◆ Exercise objective:
Read through the data, and wherever a line holds the word "impacto", write that line out.

[[ Material provided, beginning ]]

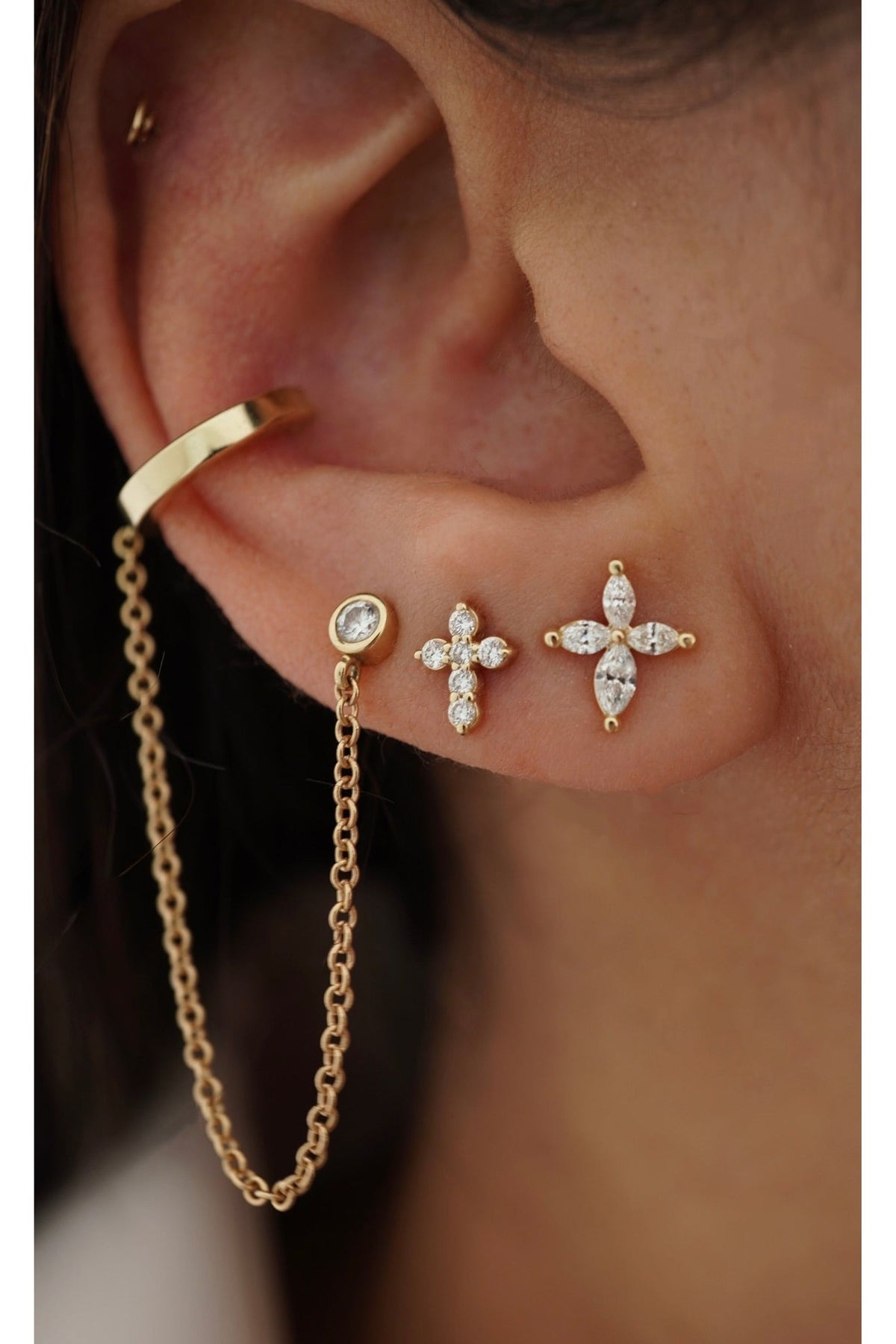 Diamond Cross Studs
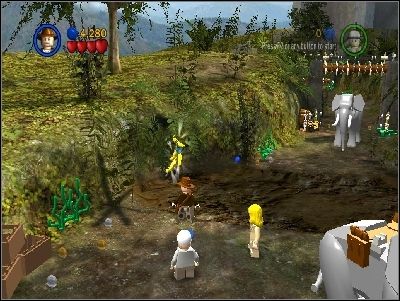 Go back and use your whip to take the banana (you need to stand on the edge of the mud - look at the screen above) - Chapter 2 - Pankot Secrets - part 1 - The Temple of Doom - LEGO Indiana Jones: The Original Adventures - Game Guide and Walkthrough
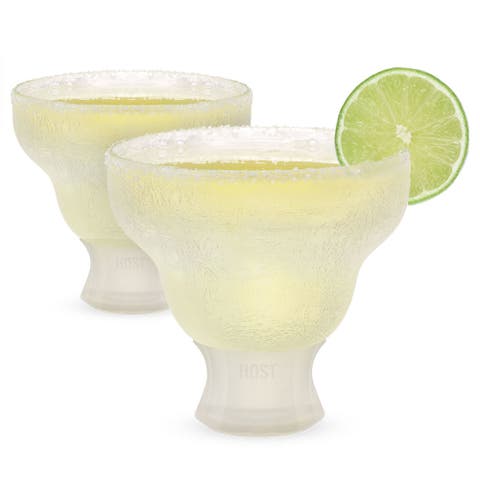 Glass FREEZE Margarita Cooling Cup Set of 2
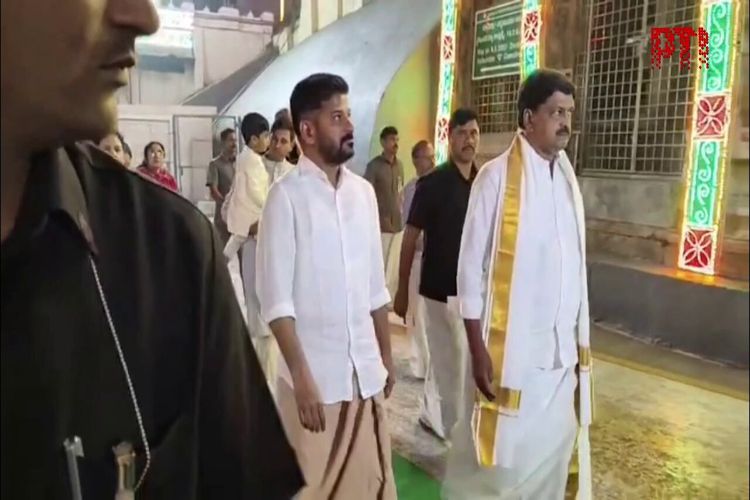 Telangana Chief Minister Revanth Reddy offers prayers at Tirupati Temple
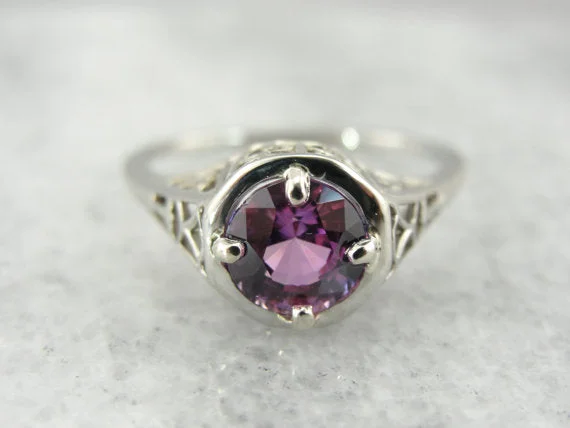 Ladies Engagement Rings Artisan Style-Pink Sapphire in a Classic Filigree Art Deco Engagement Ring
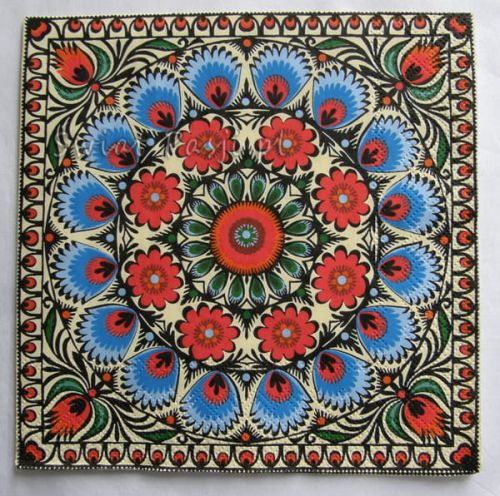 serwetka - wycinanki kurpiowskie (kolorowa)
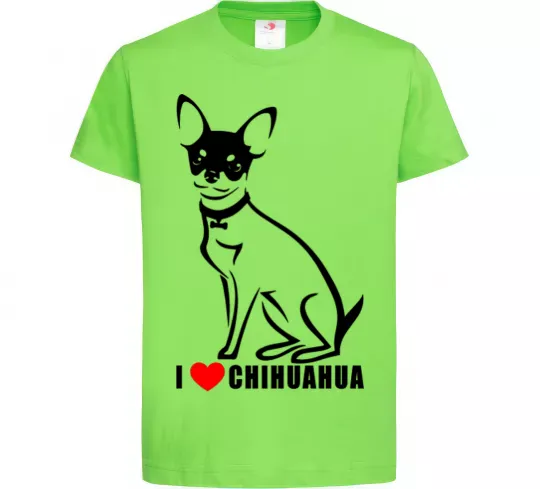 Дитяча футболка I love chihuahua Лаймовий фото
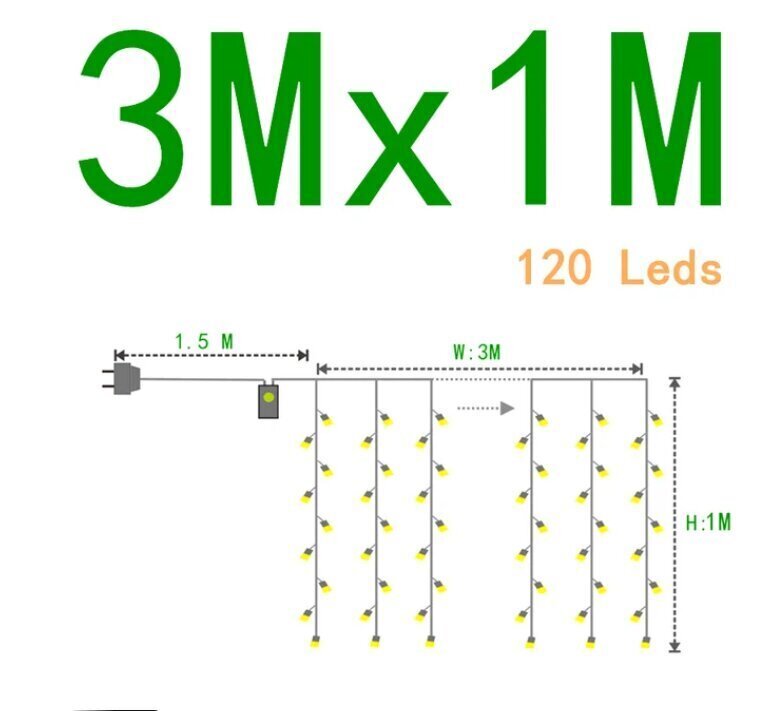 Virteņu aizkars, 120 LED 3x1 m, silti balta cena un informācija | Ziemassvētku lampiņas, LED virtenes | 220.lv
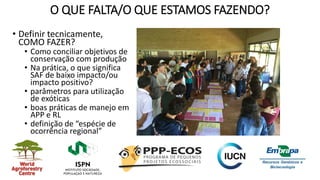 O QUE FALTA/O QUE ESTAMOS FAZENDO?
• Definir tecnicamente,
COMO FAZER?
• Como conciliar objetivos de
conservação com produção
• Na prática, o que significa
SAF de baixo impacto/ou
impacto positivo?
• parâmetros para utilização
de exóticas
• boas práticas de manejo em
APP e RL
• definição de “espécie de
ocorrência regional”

[[ Material provided, end ]]

◆ Your solution:
SAF de baixo impacto/ou
impacto positivo?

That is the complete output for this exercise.